When I was younger I was a nut for comic books. My first job, when I was 11, was working in a comic book store. This was the mid-80s when the things were still not exactly at the height of being cool. As a matter of fact one of the few fights I got into when I was a kid was over an issue of X-Men that some girl mangled. She kicked my ass. It really didn’t help my social standing.

One of my co-workers was an insanely intelligent black Republican (I know that sounds like a contradiction in terms but it was so true and he was really someone to admire) who went on to contribute to speeches for Ronald Reagan, and just the other day I heard him as a commentator on News & Notes on NPR. He was the same guy who, three issues in, wrote down the name of who the central villain of The Watchmen would be and sealed it in an envelope to be opened at the series’ conclusion. He was right. It was Ozymandias! If you were into comics in the mid-80s you were smart and you were a bit of a freak. There weren't a whole bunch of us around.

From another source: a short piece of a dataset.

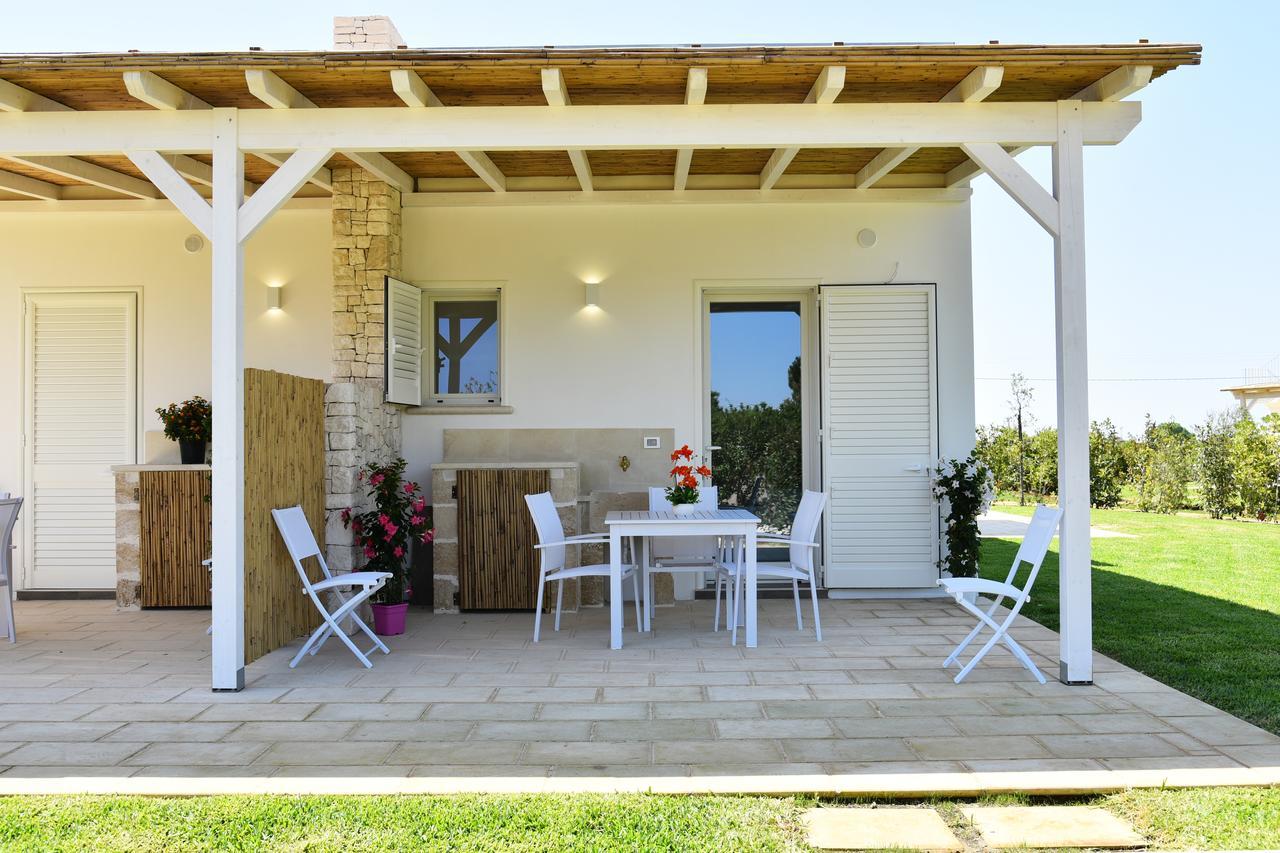 Bed and Breakfast Borgo Fiorito Relais Parabita Exterior foto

What I’m doing here is giving context. When the first Batman film came out I was obsessed and in love with the concept and then incensed when I found out that Ray Liotta wasn’t the Joker since I thought Jack Nicholson would be too hammy. I still think Liotta would have been a better psychotic. I remember visiting relatives in South Texas when the movie was released – incidentally I lost my virginity a few days before so my spirits were probably at an all-time high between the two events – and my mom was gracious enough to cart us all down to the first midnight showing of the movie. I was so pleased Hollywood finally got it mostly right. It wasn’t as dark as I had hoped, but it certainly wasn’t your average summer popcorn fare.

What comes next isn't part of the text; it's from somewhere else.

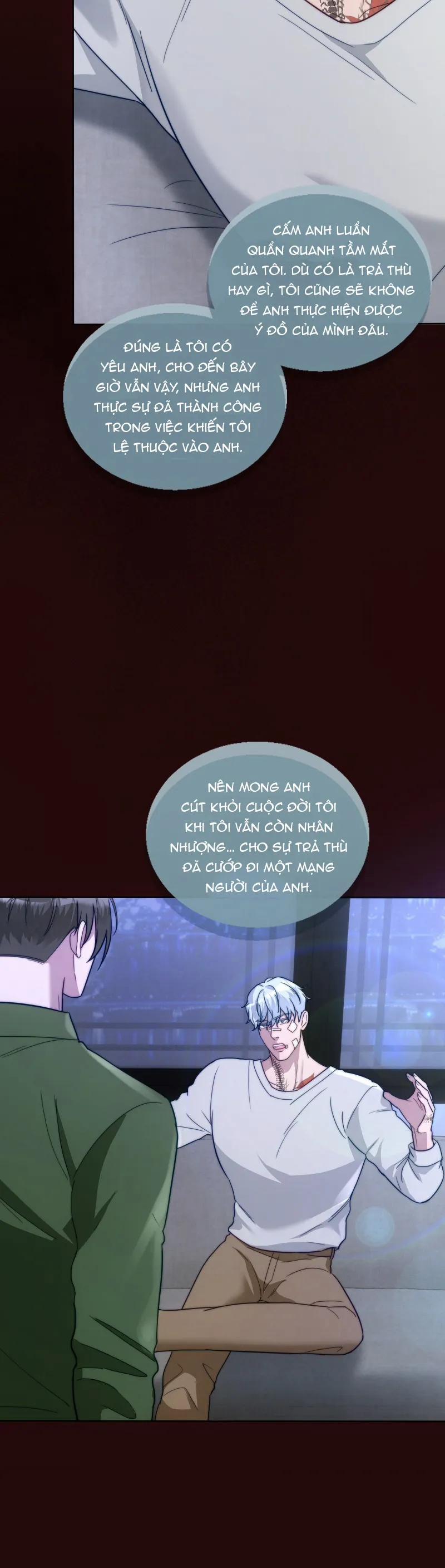 Kết Đôi Cùng Alpha Tàn Bạo 33 trang 37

Once I started college my love affair with comics started to wane as they grew more and more commercial and there were more and more “event” books coming out. I noticed more and more comics were emerging as movies and for a while they were getting it right. Recent films have me worried though. X-Men 3 is being directed by a hack, the Fantastic Four film looks pretty lame, The Watchmen looks dead in the water, and don’t even mention the evil trifecta of films (Daredevil / Elektra / Catwoman) that I consider to be worse than the Swamp Thing movie.

Batman Begins could be the one to save my faith in comic adaptations though and I’ve been almost as excited to see it as I was that hot South Texas night so many years ago when I first heard Michael Keaton rasp, “I’m Batman.”

So come on Photogal, let’s go see the movie already!